Motherhood and a decrease in physical activity participation often go hand in hand. Specifically, early motherhood is a time when women have some of their lowest rates of sport participation (Rhodes et al., 2014). This is a problem, because during the postnatal period (up to 1 year after giving birth) women are at high risk of drastic weight gain, postpartum depression, isolation and anxiety (Demissie et al., 2011).
While physical changes that affect sport participation are well-addressed, how postnatal women re-engage in sport is also affected by gendered expectations accompanying motherhood. These expectations include gender roles dictating how mothers “should” behave (Freysinger et al., 2013).
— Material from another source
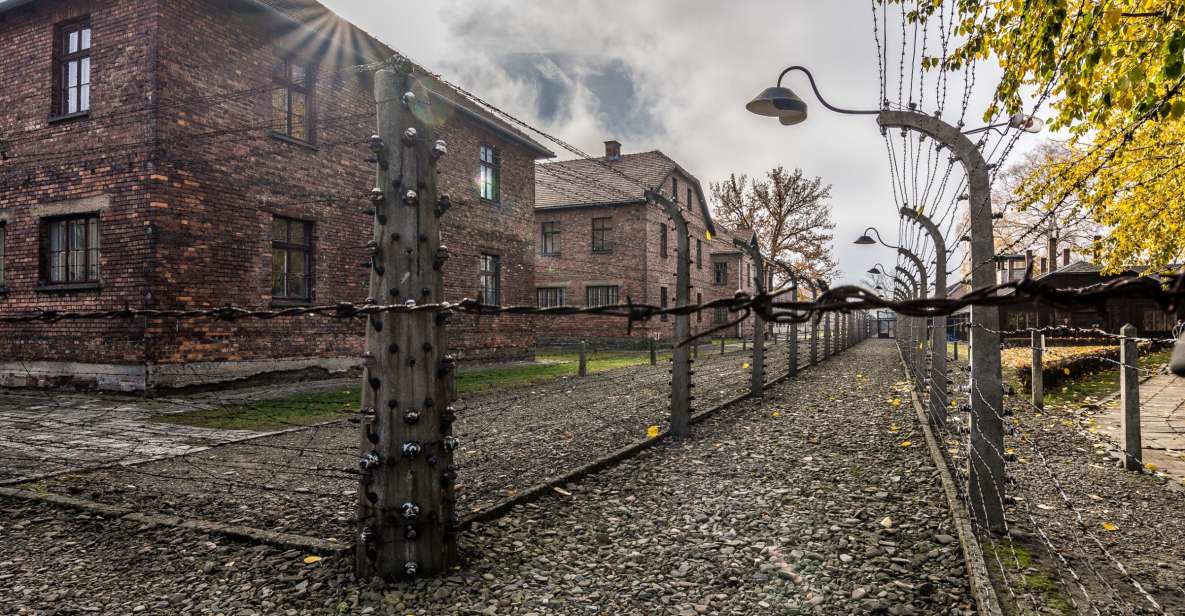 Kraków: Auschwitz-Birkenau & Salt Mine Full-Day Guided Tour - Key Points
Another expectation is intensive mothering, that is, the expectation that mothers must prioritize their child’s needs over their own (Trussell & Shaw, 2012). These expectations both decrease mothers’ physical activity levels and also weaken their emotional and physical well-being (Henderson et al., 2016).
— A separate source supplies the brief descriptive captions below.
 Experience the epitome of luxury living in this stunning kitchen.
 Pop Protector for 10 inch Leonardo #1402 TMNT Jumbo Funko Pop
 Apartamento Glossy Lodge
Research has looked at how mothers combat these expectations while rejoining sport postnatally. But research has rarely examined team sport’s role. Team sport can reduce negative effects that accompany the postpartum period, while helping increase physical activity levels, socialization and identity affirmation (Batey & Owton, 2014). Team sport can also help postnatal women feel like they’re part of a community and are empowered to resist the gendered expectations of motherhood.